Хаиткулы вошел в автобус, но стал на задней площадке так, чтобы можно было видеть их обоих. Автобус тронулся, он видел, как они машут ему. Расстояние до самолета пустяковое, автобус едет медленно — можно рассмотреть и тех, кто проходит по летному полю, и пассажиров встречного автобуса, он тоже ползет как черепаха. Когда автобусы проходят один мимо другого почти вплотную, чуть ли не касаясь стеклами друг друга, пассажирам ничего не остается, как разглядывать друг друга с известной бесцеремонностью. Хаиткулы поймал на себе пристальный взгляд из встречной машины и, недовольный этим, сердито посмотрел в ту сторону. Его взгляд пересекся с чужим не более чем на полсекунды, но этого было достаточно, чтобы привести Хаиткулы в смятение. Человека в серой каракулевой шапке он явно видел в первый раз, но то, что между ними есть какая-то связь, он почувствовал очень сильно. Неужели один из тех двух?! Какая досада, что не разглядел как следует того, кто сидел рядом! Этот, в шапке, отдаленно напоминает «словесный портрет»… Что еще?.. Да! Его сосед держал во рту сигарету, жевал губами от нетерпения — поскорей бы приехать и закурить. «Почему он так на меня смотрел? Слишком хмуро для друга. Знает меня… Он из тех, кто знает меня и не любит со мной встречаться…»
Все эти мысли пронеслись в голове Хаиткулы, может быть, еще быстрее, чем он обменялся взглядами с тем человеком. Решение пришло мгновенно, и вот он уже пробирается к водителю, бесцеремонно расталкивая стоящих в проходе. «Вещи, наверно, забыл, растяпа», «Нахал, толкается», — бранят его, но Хаиткулы не обращает на это внимания.
— Надо вернуться! — Красная книжечка Хаиткулы замаячила под носом у шофера. — В том автобусе сидит преступник! Поворачивайте! Откуда сейчас прибыл самолет, не знаете?
— Не помню… Из Махачкалы или из Москвы. Вы не беспокойтесь, сейчас мы их догоним.

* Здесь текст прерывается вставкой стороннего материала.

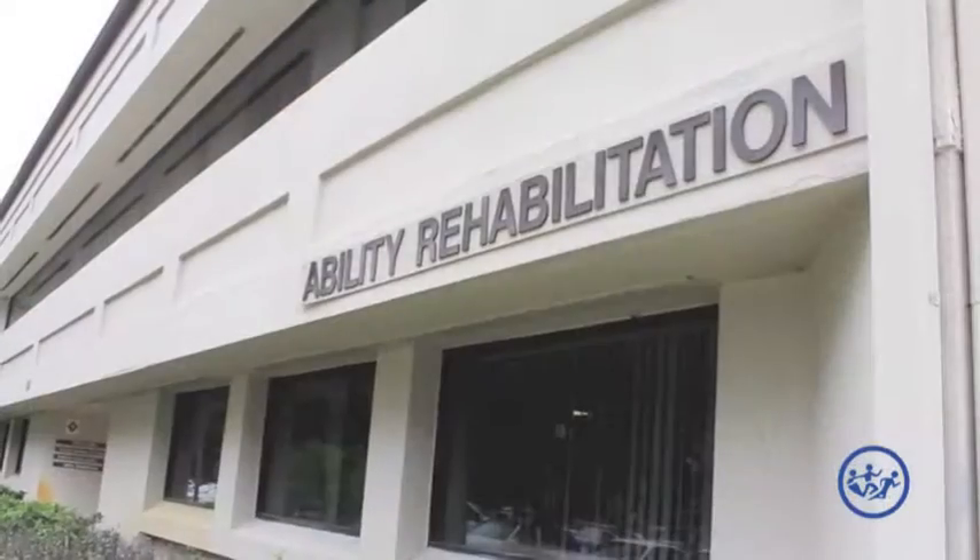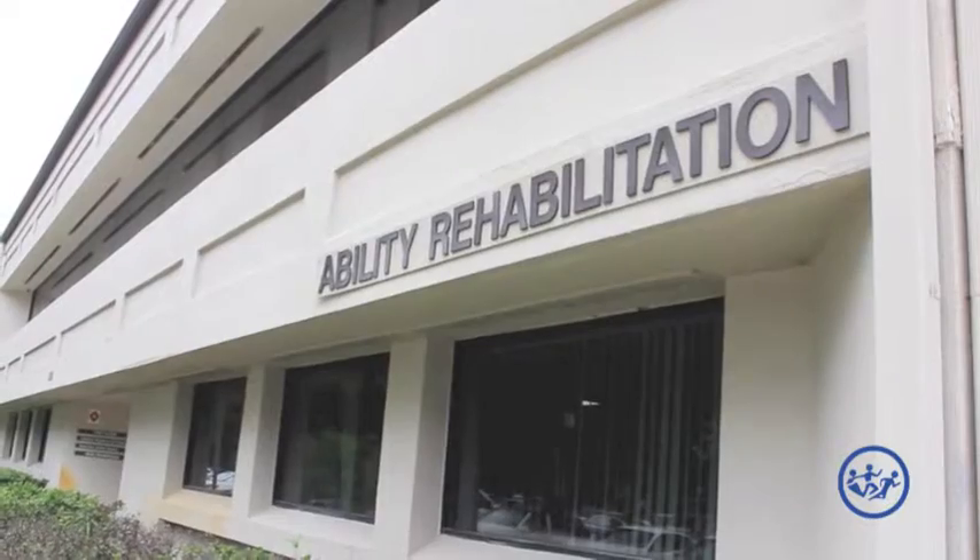Hi, I'm Amanda Barron, the physical therapist and clinic manager here at Ability Rehabilitation in Altamonte Springs. Today I just wanted to talk to you a little bit about what happens after you have a rotator cuff repair.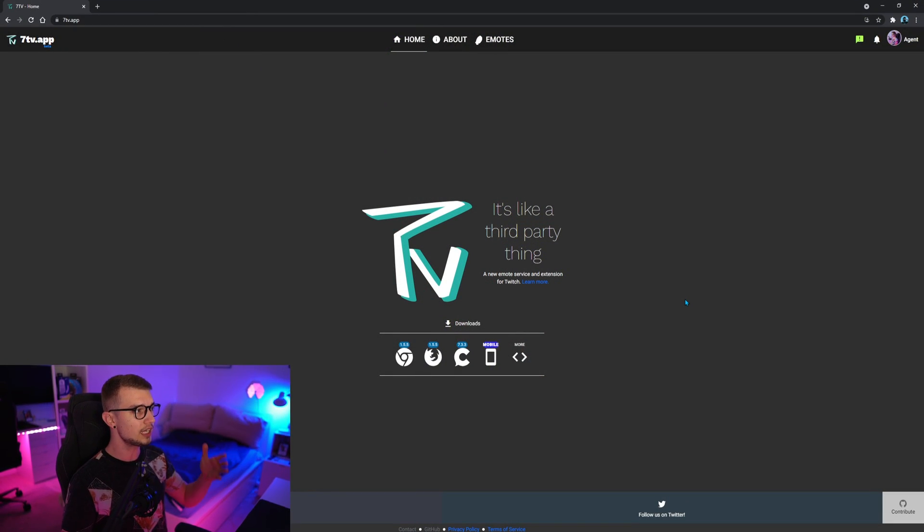Go to the website called 7TV.app — I'm going to link it down in the description. You go to the main page and all you have to do is set up the plugin. It's really simple. You have the same thing as FrankerFaceZ and BetterTTV — you can download it for Chrome, for Firefox, or for Chatterino, the program that most mods use as well. It also works for the phone. If you want to set it up on Chrome, you just click on the link, install the extension, and that is it. You will see all the emotes in the chat.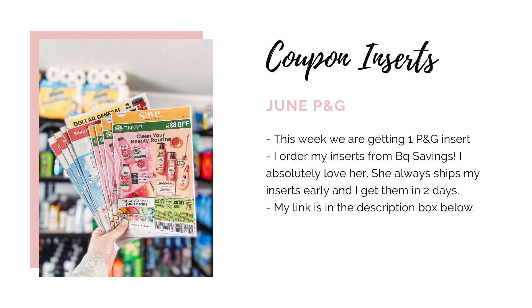This Sunday we're only getting one insert — it's just the June P&G. These are available right now to order on the BQ Savings website. I will have my link for that down below in the description box. I've been ordering from her for a while now and she's been really awesome. You can order the P&G by itself, or if you still need the 5/23 inserts, you could order the 5/23 with the P&G in a bundle to save on shipping cost. Definitely go and get your P&G ordered before she sells out.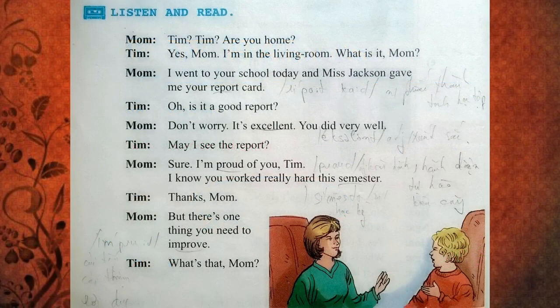Tim? Tim? Are you home? Yes, Mom. I'm in the living room. What is it, Mom? I went to your school today, and Ms. Jackson gave me your report card.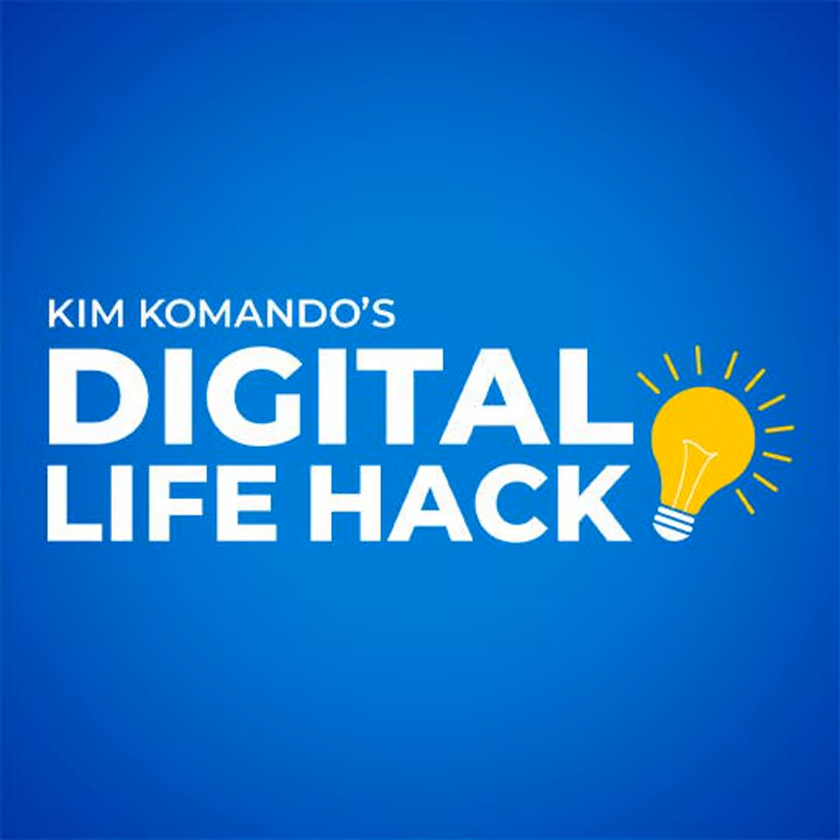I'm Kim Commando, brought to you by LinkedIn Jobs. Post a job for free and find qualified candidates quickly at linkedin.com/kim.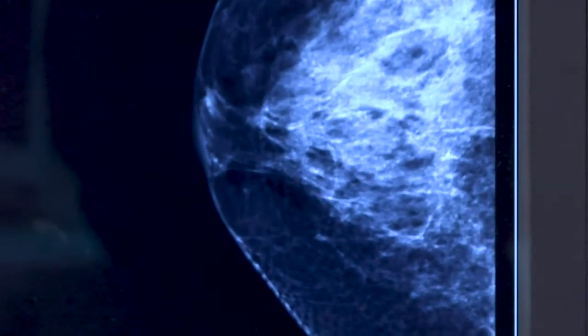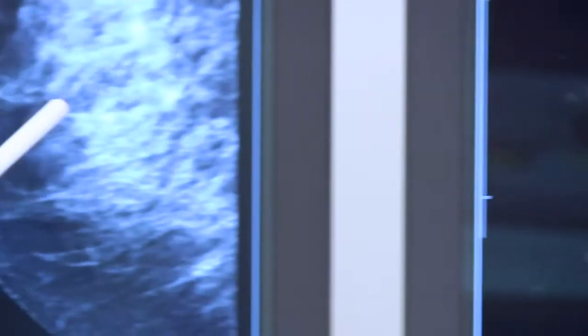We can look at imaging all day long, but until we actually get a piece of that tissue, that area of concern, we can't determine whether or not it's cancer definitively.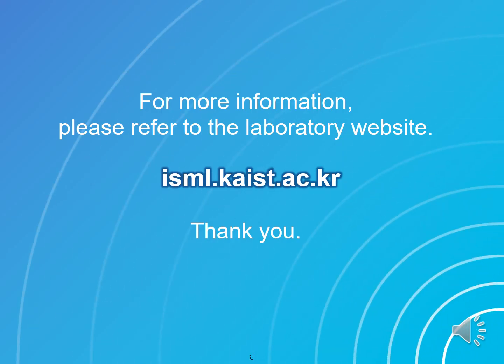For more information, please refer to the laboratory website, isml.kaist.ac.kr. Thank you.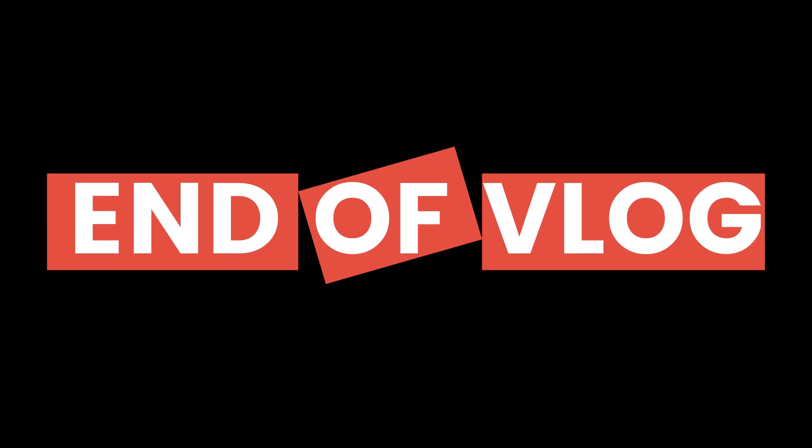You've watched loads of vlogs haven't you? Oh so many, so many! I appreciate you mate, thank you my friend. I'll give you the privilege of shouting end of vlog down the camera. End of vlog, bye!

Автобус круто развернулся, шофер дал газ, здание аэровокзала стало надвигаться на них… Но автобус с прилетевшими пассажирами уже стоял. Пассажиры с сумками, чемоданчиками, портфелями уже выходили из него. Хаиткулы выскочил на ходу, крикнул несколько слов дежурным милиционерам, все вместе побежали за толпой прибывших из Махачкалы пассажиров…
Хаиткулы не ошибся. Это были они — те, кого пока безуспешно разыскивала узбекская и туркменская милиция. Высокий случайно увидел Хаиткулы и теперь ругал себя, что заставил его посмотреть в их сторону. Если майор знает его?.. А может быть, уже и «словесный» портрет у них готов… Он толкнул сидящего рядом старика:
— Вставай, башлык. Пробирайся к выходу.
Старик закашлялся, потом возмутился:
— Куда спешишь? Ты что, змею увидел?
— Хуже… Чарджоуского майора.
Старика захлестнула злоба на Длинного:
— Как получилось, щенок? Он тебя видел? Узнал?
— Знать-то он меня не знает, а все же надо бояться его. Пошли!
Они первыми выскочили из автобуса, сначала Длинный, за ним выпрыгнул Старик, так же легко, как будто они были одного возраста. Старик оглянулся и увидел, что другой автобус уже останавливается рядом. Они выбежали к стоянке такси. У ближайшей машины Длинный оттолкнул человека, который через полуоткрытую дверцу вел переговоры с шофером. Тот отпрянул, выронив сетку с апельсинами. Они покатились, как тяжелые ватные мячи, под ноги спешащей толпе, не обращавшей ни на что внимания. Длинный рванул заднюю дверцу, втолкнул в машину Старика, протиснулся туда следом за ним.
— Шеф, вперед! Червонец за нами.
— Дам червонец тому, кто вас отсюда вытряхнет!
Шофер умолк, почувствовав на своей шее холодок лезвия. Шутки плохи! И включил зажигание. Он знал только, хотя ему об этом ничего не сказали, что ехать надо как можно быстрее. Машина скачком сорвалась с места и, набирая скорость, скрылась за ближайшим углом. Старик давал указания, он, видно, хорошо знал город. «Прямо, направо, налево, снова направо». Стрелка спидометра качнулась до 100 и меньше уже не показывала: острие ножа вонзалось глубже, если стрелка отклонялась влево от ста…
В считанные минуты такси было далеко от аэропорта, где Хаиткулы на стоянке машин расспрашивал незадачливого пассажира, рассыпавшего апельсины.
— Номер такси не запомнили?
— Вах, зачем мне было на номер смотреть? Вах, черт бы побрал того негодяя!
— Шофер был туркмен?
— Самый настоящий туркмен.
— Отказывался везти или нет?
— Хотел везти… Немного подожди, говорит, возьмем еще пассажиров, тебе дешевле станет. А тут сзади кто-то как схватит за плечо, чуть руку не вырвал, негодяй.
— Видели того, кто схватил вас?
— Как я мог видеть, чуть лбом не врезался в столб. Хорошо руку подставил, а они уже смылись, будь они прокляты…
— Узнали бы шофера, если встретили?
— Узнаю, узнаю, почему не узнать…
— Быть может, заметили, как они были одеты?
— Не помню, кажется, шапка на одном была из серого каракуля и на пальто воротник такой же, а пальто… Как бы это сказать? Шершавое…
— Спасибо, яшулы.
Он записал адрес пассажира, попросил дежурных по аэропорту посадить его в такси, а сам позвонил домой Аннамамеду и Ходже Назаровичу и рассказал о случившемся. Полковник по рации отдал распоряжение дежурному ГАИ и оперативной группе немедленно приступить к задержанию и проверке городских такси.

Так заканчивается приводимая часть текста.